For us residents, every aspect of our lives was controlled–whether we lived in a house or a dormitory, our food rations, how much schooling we got, and when we got older, whether we worked in the community or were sent ‘out to work’ as farm labourers or domestics. Our wages and savings were controlled, too. We had to get permission to marry or be exempted from the controls ‘of the Act’. In those days, you couldn’t even leave Cherbourg unless you got permission from the Superintendent.

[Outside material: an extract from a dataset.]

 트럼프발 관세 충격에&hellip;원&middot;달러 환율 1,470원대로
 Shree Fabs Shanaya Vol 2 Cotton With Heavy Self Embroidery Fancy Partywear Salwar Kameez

When I left high school, I was working for a pittance; I got about 30 dollars a fortnight, so, I got out of Cherbourg by joining the Army. I got more money and could help my parents out, too. My first recruit training was down at Wagga Wagga, in Kapooka, and my Corps training was in Liverpool, Sydney. After completing my training, I became a Sapper (Private) in the Royal Australian Engineers (RAE) and served in Townsville in 18 Field Squadron and then down in Brisbane at 24 Construction Squadron.
There was no warning given that we would be going to Vietnam. We found out when they called us into the office and told us to pack our bags for a ‘holiday’. I was told by the recruiting officer that I wasn’t going to Vietnam because the war would be finished soon. I was told a lie. My parents knew what was going on, they saw it on the news and they didn’t want me to go. All the National Servicemen knew they were going but they never told us regulars.
I served in Vietnam in 1971 as a Sapper with 1st Field Squadron. I was lucky a couple of corporals in my unit had told me what to expect and what I’d be doing before I went to Vietnam. I was one of the ‘tunnel rats’. The Viet Cong had put everything they needed underground in bunkers with tunnels connecting them, and it was our job to find them and blow up the entrances or the exits. All we were given to defend ourselves was a 45. The Viet Cong put booby traps underneath bodies, and if you moved the body well…it wasn’t pretty for anyone.
I got racial abuse from some redneck men I served with. There were too many lies and too much bullshit for me. I’d had enough; I couldn’t handle it anymore, and all I wanted was out. I remember coming back from Vietnam to Brisbane airport; demonstrators were shouting at us, calling us baby killers. Going through what we went through in Vietnam and then coming back and copping all that shit here in Australia really got to me mentally. I kept it deep inside, my PTSD – I don’t like to talk about it.